Sentosa Cove, the man-made island resort in Singapore, is the only place in the country where foreigners can buy landed property.
However, dozens of houses on the area, with their own private yacht berths and swimming pools, are empty while only a few of the apartment blocks overlooking the marina have residents.
The past year has seen a fall of 20% in the price of property in Sentosa Cove as lending restrictions and taxes on foreign buyers rose in the Southeast Asian luxury real estate market.
The investors are seeing a fall in the value of their assets, while developers are struggling to sell property even after the recent price falls. Several real estate websites list hundreds of bungalows and flats for sale, however only 12 apartments and a house have changed hands in the past one year, according to Urban Redevelopment Authority (URA). “The way prices have fallen in Sentosa, it’s as if there is a global financial crisis,” said Alan Cheong, head of Singapore research at property firm Savills.
Unless policy restrictions are eased, this could imply a difficult 2015 for the city state’s banks.
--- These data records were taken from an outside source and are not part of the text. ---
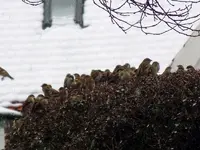 22-12-11-Vögel-14.webp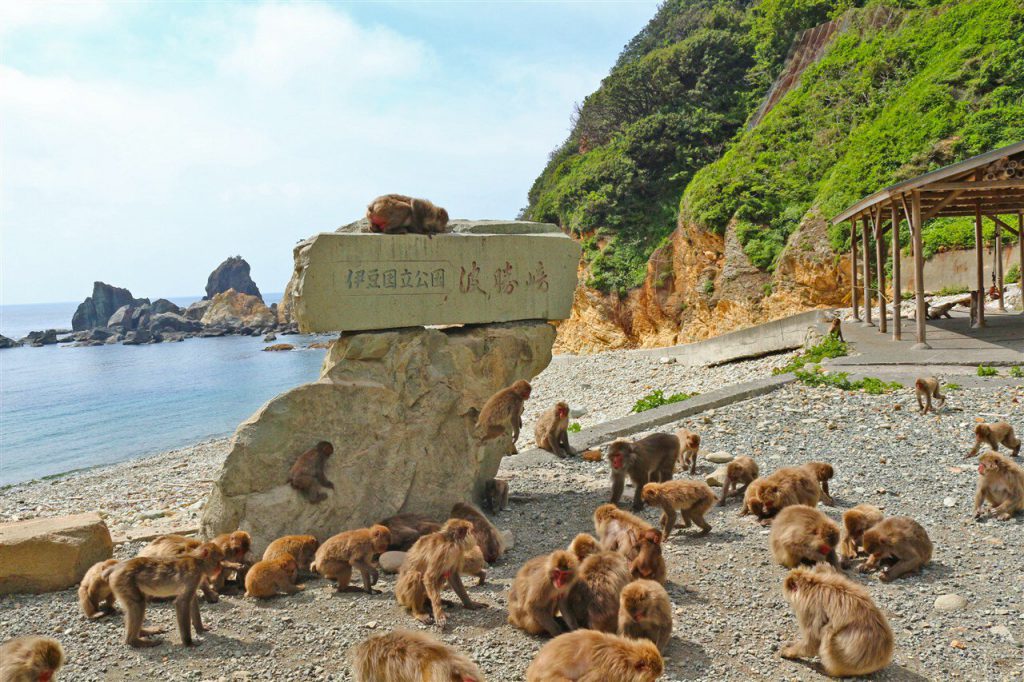 波勝崎モンキーベイ。サルが沢山写っている。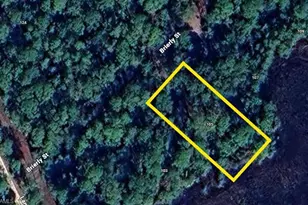 105 Brierly St, Georgetown, FL 32139 - Photo 1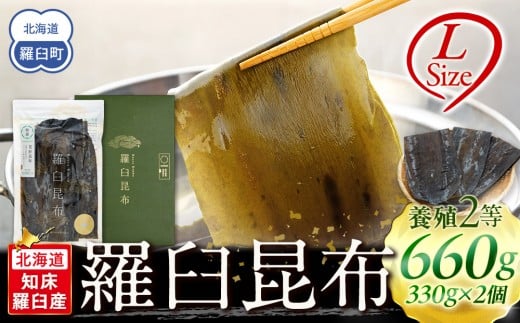 ykCPzPz VR 2 660gZbg(LTCY330g×2) kC m PY Y x 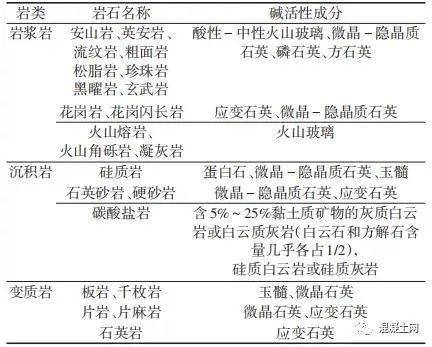 深入解析论文抄袭标准，识别、预防与应对策略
However this seems unlikely because these government-imposed restrictions are effective in keeping the broader market in check after the prices of private house increased by more than 60% between 2009 and 2013.
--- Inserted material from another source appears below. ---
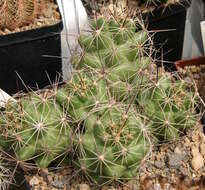 Image of Big Needle Cactus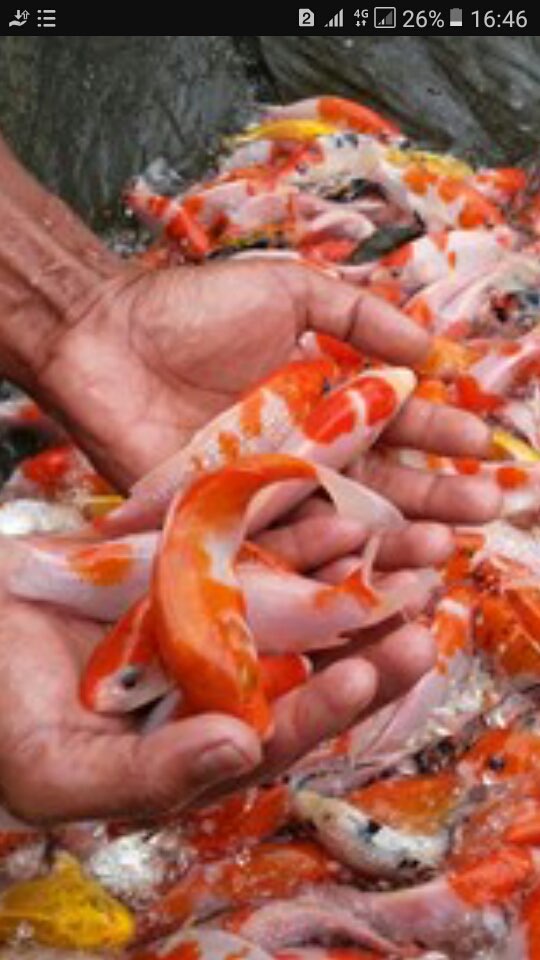 ikan mas koi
New mortgage business at Singapore’s lenders is now 40% below 2013 levels, although the downfall will not show up in their balance sheets for the next one year since loans are often agreed a year in advance.
Another problem for property investors is the cutback in housing allowances for expatriate workers, implying a fall in rent price. There has also been a drop in the number of high-net-worth foreigners being granted permanent residency.
Real estate agent Knight Frank analysed property prices of 32 cities around the world and found that Singapore’s prime residential market, which had been the priciest 5% of properties, had performed the worst in the first half of 2014, with prices falling by 7.3%.
In the luxury sector, the government restrictions have led to a sharper fall in the number of foreign buyers, who accounted for more than half of Sentosa’s sales between 2010 and 2014. This implies that the number of distressed investors is expected to rise. “Some of the earlier buyers are likely to have bought at prices 20% to 30% above current prices,” said Christine Li, head of research at property consultancy OrangeTee.
“The rental can’t even cover the mortgage for these high-end investments – they want to offload but there are no takers.”
Last month, United Overseas Bank reported a doubling in its bad debt charges for the second quarter. They reported that a group of investors was struggling to service high-end property loans.
According to real estate agency Colliers, the number of residential properties put up for sale at auction (by banks after buyers defaulted on mortgages) quadrupled to 64 in the first half of 2014. “This is different from previous years, when owners’ sales dominated auctions,” said Joy Tan, head of auctions at DTZ. “The tables have turned and we expect more mortgagee sales on the way.”
In July this year, a four-bedroom apartment in Sentosa’s Turquoise condo was sold at an auction for about S$1,400 per square foot. Whereas in 2012, a similar flat would have fetched S$2,450 per square foot. This year only one house was sold in Sentosa – a six-bedroom apartment on the “Treasure Island” – for about S$17 million. Its price in 2012 was S$20.2 million.
It is believed by many in the luxury property industry that foreign buyers might have gone for good. City Developments Ltd, Southeast Asia’s second-largest residential property developer, said that foreign buyers have “shifted and are still shifting their investments to markets outside Singapore”.
Sentosa Cove was developed in the early 2000s when Singapore was actively propagating to the world’s wealthy to come to its shores. In 2004, Singapore’s central bank launched the Financial Investor Scheme (FIS) which allowed foreign nationals with a global net worth of S$20 million ($15.99 million) to become permanent residents of Singapore if they parked S$5 million (raised to S$10 million in 2010) in Singapore, S$2 million of which could be put into property.
However this scheme was scrapped in 2012 as the government struggled with growing public discontent over immigration, and a spike in property prices.
“Sentosa happens to be a development targeted at a time when the world was leveraging up but now that we have deleveraged, there is a much smaller pool of people who can afford it,” Savills’s Cheong said.